The Stormshield baselayer is designed to be worn next to the skin and under your favourite jersey. According to Morvelo, this is to extend the life of your lovely summer jerseys for all round use. It’s pretty feature packed:
- 100% Italian Windtex polyester with membrane
- Three layer membrane
- Water resistant
- Vislon YKK zip
- Hydrophilic mesh panels to increase the breathability
- Heat seal label
- Flatlock seams
- Body mapped for a superior fit
- Handmade in Europe
The cut is a little baggier than most baselayers, presumably because the windproof fabric isn’t quite as stretchy as more typical materials. It has a short offset zip and mid-height neck – again, I think the neck zip is more to aid to putting the top on than for mid-ride adjustment, although it does allow for a bit of cooling. Not all of the Stormshield is windproof; there are large wedges of mesh panels to help offset the less breathable Windtex material.
The Stormshield Baselayer has quickly become one of my most used baselayers in the last few months. It sits well underneath short and long-sleeved jerseys and adds noticeable warmth to them. Aesthetically, the higher neck stands proud of most jerseys – not a problem in itself, but this looked a little odd with some combos. It definitely does what it is meant to. On cool mornings there was noticeable windchill on my uncovered forearms versus my core. It allowed me to remain comfortable in tops that would more often have been consigned to the back of drawer until spring. Bob on? Well, mostly.

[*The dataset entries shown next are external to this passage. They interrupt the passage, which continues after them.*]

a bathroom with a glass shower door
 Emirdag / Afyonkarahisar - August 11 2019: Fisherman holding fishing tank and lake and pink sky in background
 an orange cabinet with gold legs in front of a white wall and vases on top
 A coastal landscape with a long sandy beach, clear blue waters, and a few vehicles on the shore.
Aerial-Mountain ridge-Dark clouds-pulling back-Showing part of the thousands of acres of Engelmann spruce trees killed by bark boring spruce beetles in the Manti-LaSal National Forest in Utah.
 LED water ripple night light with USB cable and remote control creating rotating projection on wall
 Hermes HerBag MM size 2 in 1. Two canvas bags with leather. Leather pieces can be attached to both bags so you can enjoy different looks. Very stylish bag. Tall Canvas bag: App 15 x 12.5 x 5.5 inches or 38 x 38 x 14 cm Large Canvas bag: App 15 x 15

Once up to warmth and on intense rides, there isn’t the option of throwing open a zip as there would be on a gilet or a jacket. Equally, whipping the baselayer off and shoving it in a pocket is a little more revealing and time consuming than de-jacketing. It does, therefore get a bit clammy. While still moving, this isn’t a problem, but I would chill quite quickly once stopped. For this reason, the Stormshield isn’t perfect (especially as the £75 asking price is enough to buy a windproof gilet or jacket). However, if you have a favourite jersey, or a team top, or even summer-weight skin suit that you want to continue using (and not covering up) then the Stormshield ticks that box very well.
Not as versatile as a windproof gilet or jacket, but still a good piece of clothing that adds versatility to your summer wardrobe.